Asparagus, Red Onion and Parmesan Mini-Cakes


Photo: Laurence Poos

Our Luxembourgish friend Laurence came all the way from South London to see us yesterday. I thought I would create a recipe for her, that the least I could do. She took a picture of it, which is always great as Laurence is very good photographer as well as a fantastic cook.

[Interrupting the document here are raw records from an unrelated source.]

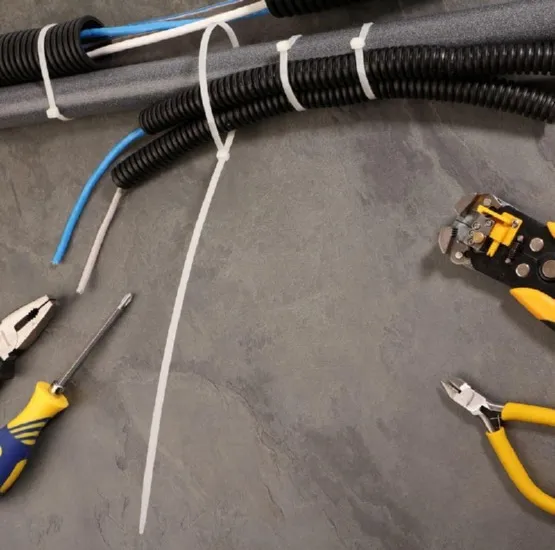 Хомут 3,6*200 белый нейлон (100 шт.) (СиайГрупп), уп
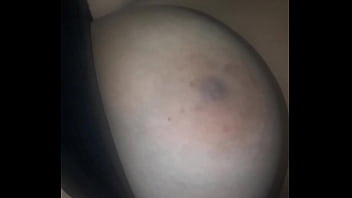 Mostrando meus peitos pra vocês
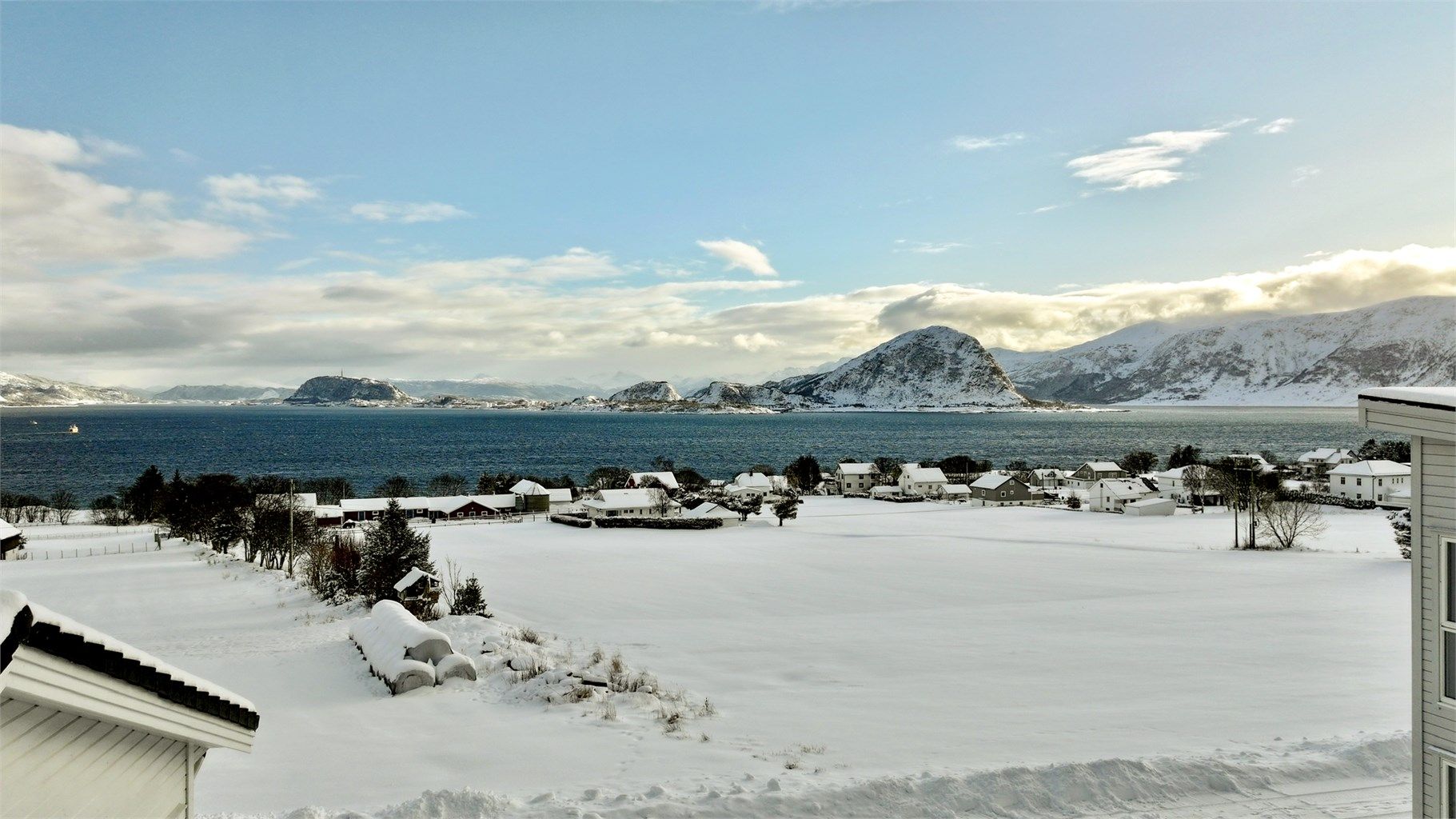 Godøyhallen og Godøy ballbane ligger kun få minutter unna med bil.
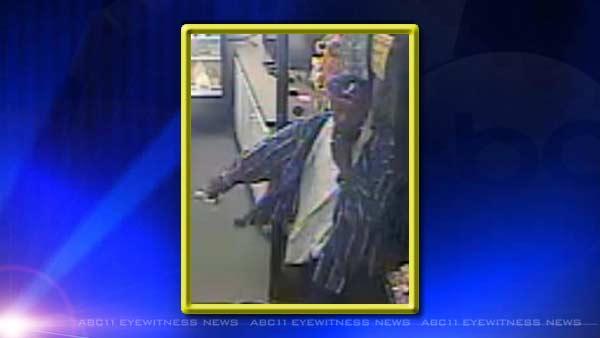 Suspects sought in triple murder and robbery in Farmville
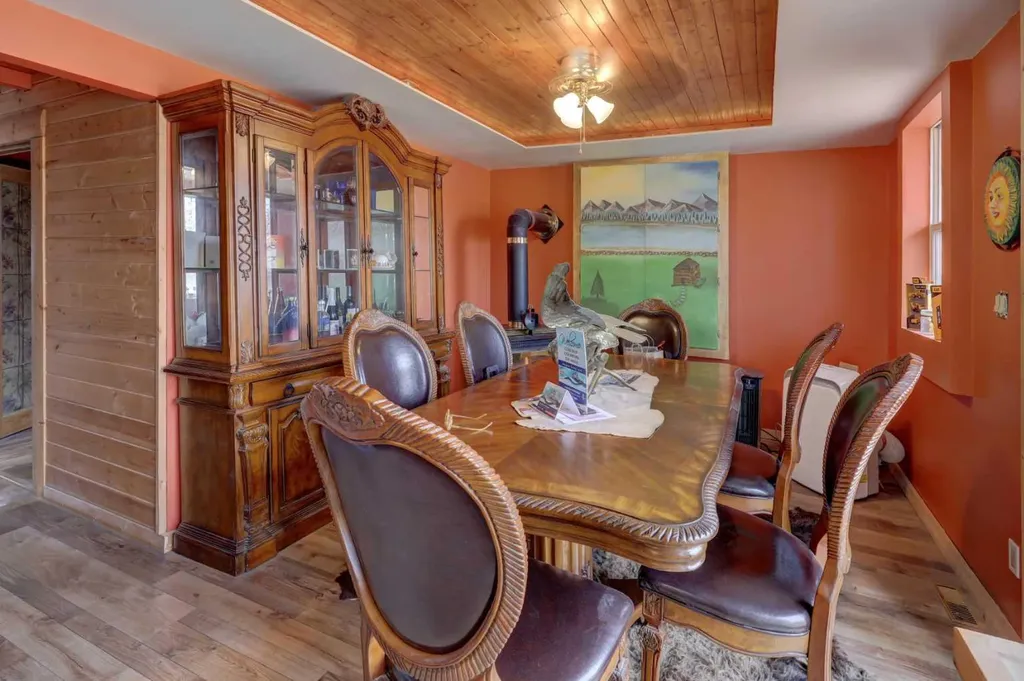 6424 32 Avenue NW Calgary AB T3B 0K4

I’ve always dreamt of making that kind of dish: it looks and tastes like a mini-frittata but almost has the fluffiness of a soufflé. If I had to make up a name for it, I could call it souttata or foufflé. It would be a bit of a mouthful, which this dish is not: it’s very light and heavenly, all of that with no cream or butter.

10-12 mini-cakes

preparation: 20 minutes

cooking: oven 20 minutes/200C

Cakes:

  • 10 medium green asparagus
  • 1 red onion
  • 1 clove garlic
  • 3 eggs
  • 1/2 cup full fat yogurt
  • 3 tbsp. olive oil
  • nutmeg
  • 1 tbsp. poppy seeds
  • 1 tbsp. sesame seeds
  • 3 tbsp. self-raising whole-wheat flour
  • 1 tsp. baking powder
  • 50 gr. grated Parmesan cheese
  • pepper (no need for salt as cheese contains enough)

Dressing:

  • 2 spring onions
  • Half a lemon juice
  • 1 cup yogurt 

Slice the asparagus, dice the onion and grate the garlic. Sweat them in olive oil. Leave to cool.

Pre-heat the oven at 200C.

In a bowl mix the yogurt, the eggs, and the 3 tablespoons of olive oil.

Add the flour, seeds, baking powder, cheese, nutmeg and pepper.

Pour in the asparagus and onion.

Butter your muffin dish. Fill each hole to two-thirds and bake for 20 minutes.

In the meantime prepare the dressing: chop spring onions finely, add lemon juice, salt, pepper and yogurt.